1– Para que se conquistem mudanças profundas na república brasileira, sintonizadas com as necessidades da maioria da população e impulsionadas pela sua mobilização, é preciso mudar o padrão atual da militância de esquerda, fundado na absolutização dos processos eleitorais e nos arranjos de cúpula característicos da política tradicional. Nessa construção, coloca-se o desafio de um encontro de contas com o passado recente, recolhendo-se as experiências e análises que fecundam uma nova perspectiva e rejeitando-se aquelas que, à esquerda e à direita, induzem à repetição de velhos erros e alimentam a mesmice.
2 – São abundantes as pesquisas e análises sobre o perfil atual da sociedade brasileira nos seus aspectos econômicos, sociais, culturais, psicossociais, demográficos, regionais, organizacionais - estatais, civis, formais, informais e marginais. Em muitas delas se revelam realidades e vertentes com potencialidade para a geração de novas articulações políticas. Mas esse conhecimento não chega aos arraiais da esquerda. E estabelecer o traço de união é um segundo desafio que se impõe.

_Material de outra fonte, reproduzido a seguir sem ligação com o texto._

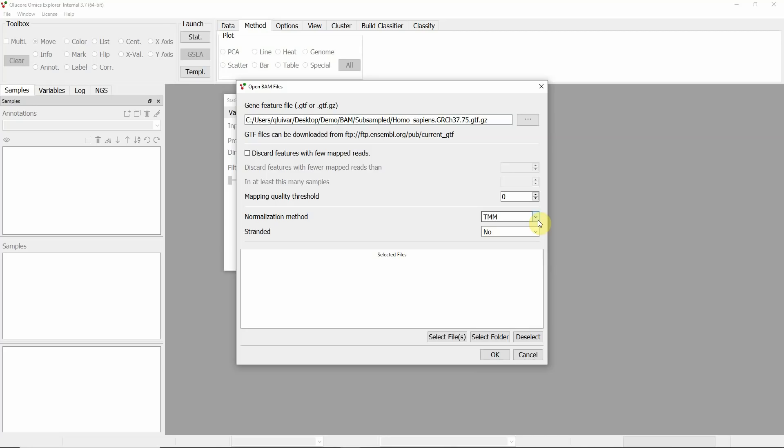TMM normalization also includes a mathematical transformation that enables the use of statistical tests such as the T-test and ANOVA. In this case, the data is not stranded.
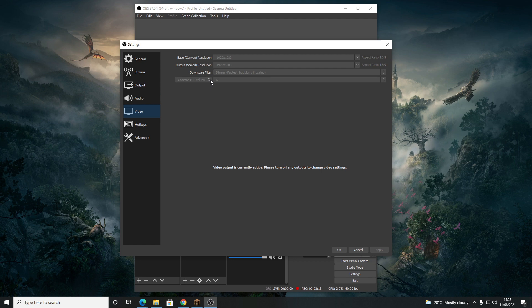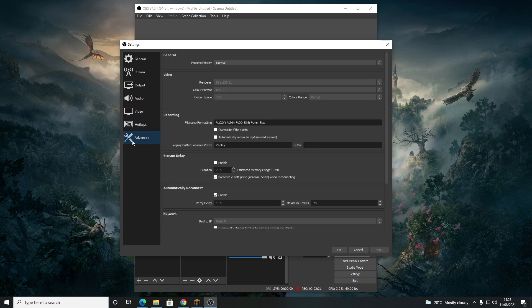In this case I'm talking about recording Minecraft. You're going to change the Downscale Filter to Bilinear, then once you have your game open, click on Common FPS Values, select Integer FPS Values, and change 60 to 120. Then click Apply and come down to Advanced. In Advanced, click on Process Priority and set it to High. If you have a potato for a computer, maybe leave it on Normal.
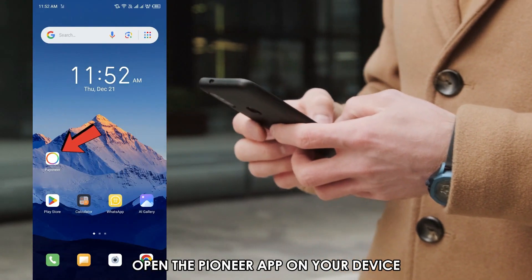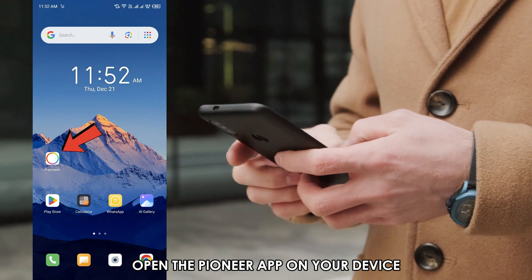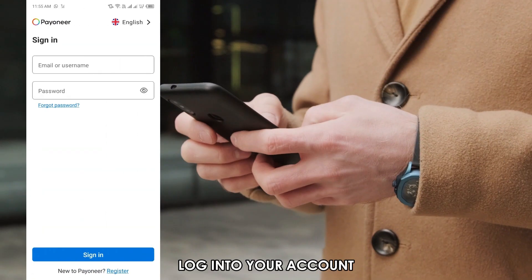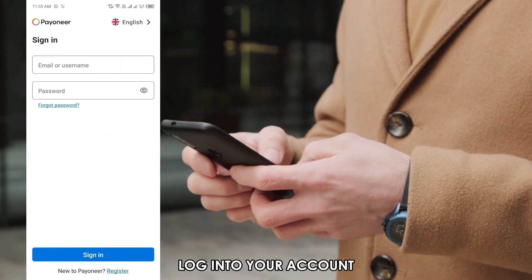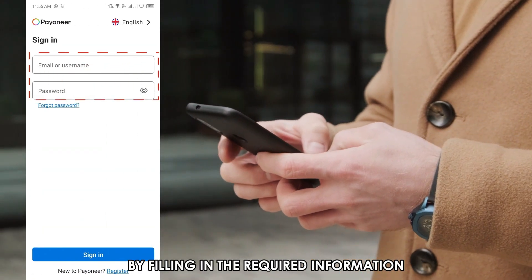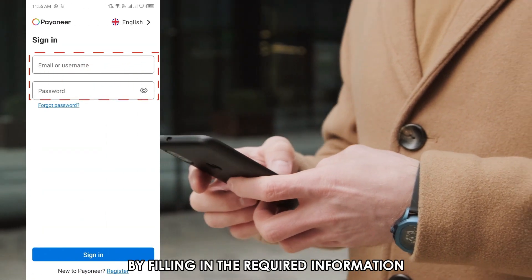Open the Payoneer app on your device. Log into your account by filling in the required information.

3 – A ação militante deve compreender a rejeição da fome, do raquitismo político, da subnutrição cultural e da corrupção visceral, sob o fundamento da elaboração crítica e do desdobramento de propostas em torno de cada um destes aspectos, e considerando as esferas do programa, da estratégia, da tática e da política de organização. Este é o alcance da militância quadrilateral.
4 – A fome, num conceito expandido, refere-se não só ao alimento, mas a todos os tópicos inscritos entre os direitos sociais e as políticas públicas, como emprego e renda, habitação, saúde, educação, cultura, seguridade, etc.
5 – O raquitismo político diz respeito às limitações e deformações que marcam a representação popular e o controle civil nas esferas estatais, nas instâncias e ocorrências da sociedade civil, como o processo eleitoral, a vida partidária, as estruturas sindicais e associativas, os movimentos sociais e comunitários.
6 – A subnutrição cultural, por um lado, expressa o bloqueio à população do acesso aos bens de cultura e a ausência de uma política cultural voltada para assegurá-los, numa rede de equipamentos públicos básicos e obrigatórios, a partir do município, a exemplo do SUS. Os debates culturais de hoje são centrados nas reivindicações dos segmentos da produção cultural, profissional e amadora, individual e grupal, deixando-se ao largo as necessidades e os direitos culturais dos cidadãos. No âmbito da militância, é necessário incrementar o componente teórico na análise e na formação política, a partir do conhecimento da realidade nacional e internacional e da articulação com a intelectualidade de esquerda.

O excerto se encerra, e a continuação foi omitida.